The periodic table of data structures and the path toward self-designing data systems

Data structures are everywhere. They define the behavior of modern data systems and data-driven algorithms. For example, with data systems that utilize the correct data structure design for the problem at hand we can reduce the monthly bill of large-scale data systems applications on the cloud by hundreds of thousands of dollars. We can accelerate data science tasks by being able to dramatically speed up the computation of statistics over large amounts of data. We can train drastically more neural networks within a given time budget, improving accuracy.

However, knowing the right data structure and system design for any given scenario is a notoriously hard problem; there is a massive space of possible designs while there is no single design that is perfect across all data, queries, and hardware scenarios. We will discuss our quest for the first principles of data structures and data system design. We will show signs that it is possible to reason about this massive design space, and we will show early results from a prototype self-designing data system which can take drastically different shapes to optimize for the workload, hardware, and available cloud budget. These shapes include data structure and system designs which are discovered automatically and do not exist in the literature or industry.

Stratos Idreos


Stratos Idreos is an associate professor of Computer Science at Harvard University where he leads the Data Systems Laboratory. His research focuses on making it easy and even automatic to design workload and hardware conscious data structures and data systems with applications on relational, NoSQL, and data science problems. For his PhD thesis on adaptive indexing, Stratos was awarded the 2011 ACM SIGMOD Jim Gray Doctoral Dissertation award and the 2011 ERCIM Cor Baayen award from the European Research Council on Informatics and Mathematics. In 2015 he was awarded the IEEE TCDE Rising Star Award from the IEEE Technical Committee on Data Engineering for his work on adaptive data systems and in 2020 he received the ACM SIGMOD Contributions award. Stratos is also a recipient of the National Science Foundation Career award, and the Department of Energy Early Career award.

21. Juni 16.30 Uhr

Deep Entity Matching: Challenges and Opportunities

Entity matching refers to the task of determining whether two different representations refer to the same real-world entity. It continues to be a prevalent problem for many organizations where data resides in different sources and duplicates the need to be identified and managed. The term “entity matching” also loosely refers to the broader problem of determining whether two heterogeneous representations of different entities should be associated together. This problem has an even wider scope of applications, from determining the subsidiaries of companies to matching jobs to job seekers, which has impactful consequences.

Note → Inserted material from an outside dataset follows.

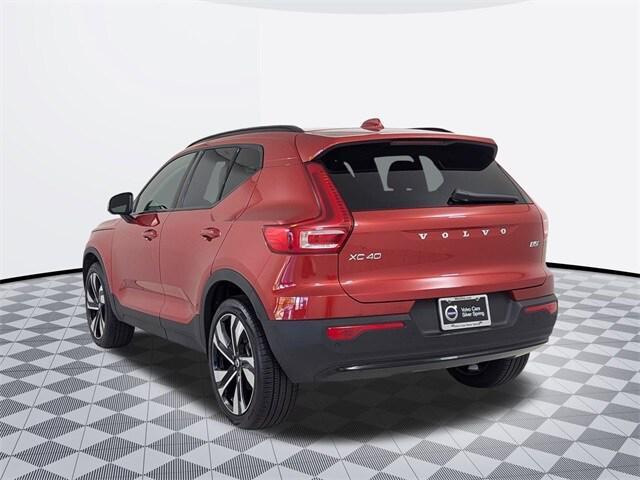 used 2024 Volvo XC40 car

In this talk, I will present Ditto, which is an example of a modern entity matching system based on pretrained language models. I will also summarize recent solutions in applying deep learning and pre-trained language models for solving the entity matching task and discuss some challenges and opportunities for further exciting work in this area.

This talk is based on work with Yuliang Li, Jinfeng Li, Yoshihiko Suhara, Jin Wang, and Wataru Hirota while the speaker was at Megagon Labs.

Wang-Chiew Tan


Wang-Chiew is a research scientist at Facebook AI. Prior to joining Facebook AI, she led the research efforts at Megagon Labs with the goal of building advanced technologies to enhance search by experience where her team conducted research on data integration, information extraction, text mining and summarization, knowledge base construction and commonsense reasoning, and data visualization. Prior to that, she was a Professor of Computer Science at University of California, Santa Cruz. She also spent two years at IBM Research - Almaden. Her research interests include data integration and exchange, data provenance, and natural language processing. She is a co-recipient of the 2014 ACM PODS Alberto O. Mendelzon Test-of-Time Award, the 2018 ICDT Test-of-Time Award, and the 2020 Alonzo Church Award. She received the 2019 VLDB Women in Database Research Award. She was on the VLDB Board of Trustees (2014-2019) and she is a Fellow of the ACM.